Wow, let me start by saying, this post chronologically comes in about halfway through the last one. Oktoberfest was both before and after this tour of ours, but I felt like this was better saved for afterwards. Unfortunately for anyone who is staunchly against my tangents and is fuming with rage over the fact that the last post was not a brewery post, I have terrible news for you. This isn’t either! It’s a historical tour of Pabst. But there was beer.

Honestly, this was such a delightful trip but it’s been so long, I don’t even know if I remember much about it. Included in the tour was two drink chips, which seemed like a sweet deal since I think Ashley bought this tour on Groupon for like $20 for the four of us. So that made the tour like $5/piece and then we all had beer. You get your first beer in this old little bar that the Pabst employees used to drink in back in the day when they were still headquartered in Milwaukee. It was cozy, for sure, and they were showing a football game on the television. This is where we all got our first drinks. Jake and Tim both got a Pabst Andeker first and Ashley and I got the Potosi Tangerine IPA. Very Wisconsin of us, if I do say so myself. The beers were fine. I don’t honestly remember being particularly blown away by them.


Then at the start of the tour we were all welcomed into this beautiful hall filled with tables and chairs. It used to be the corporate offices, but now is rented out for weddings and events. Also, important note, Pabst does not own this place anymore. A local historian bent on preserving the history of the city bought it. And honestly, it’s for the best. A lot of the old warehouses and factory buildings that used to be apart of the brewery are either being converted into urban lofts or being torn down so more condos can be built on top of the sacred, hallowed grounds of where one of America’s favorite* beers was once brewed. Say it with me guys. URBAN RENEWAL. Bet you thought I was going to say gentrification didn’t you?

In defense of forward development in the city, I won’t get into gentrification or well-worn rants about erasing lower income populations and minorities from the city’s landscape because that’s not what is happening here. These are just abandoned buildings that have not been used in decades and they are occupying many city blocks just sitting there, empty. On one hand, it’s sad to think about the history of the city being bulldozed, but on the other, the important buildings are being preserved while the ugly ones are being made into condos. It doesn’t make sense for that much land to be wasted by abandoned husks of memories.
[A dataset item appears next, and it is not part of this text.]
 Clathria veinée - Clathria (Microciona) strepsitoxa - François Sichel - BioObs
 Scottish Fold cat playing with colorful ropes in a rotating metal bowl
The land needs to be utilized. This is a city, after all, and that is prime real estate. Honestly, by converting and redeveloping this unused, uninhabited space into expensive, fancy condos, it probably staves off outward expansion and destruction of culture and heritage that thrives just north and south of downtown. And also, I know that gentrification isn’t necessarily a dirty word. Some people see it as a chance for a neighborhood to be revitalized and given opportunity for an economic boom. And I’m also not an idiot. I live in an neighborhood that was once populated heavily by Polish immigrants, who then moved further south and were replaced by a heavily Latin population. Now the neighborhood is very white, very young, very millennial. I am a part of the problem too, guys.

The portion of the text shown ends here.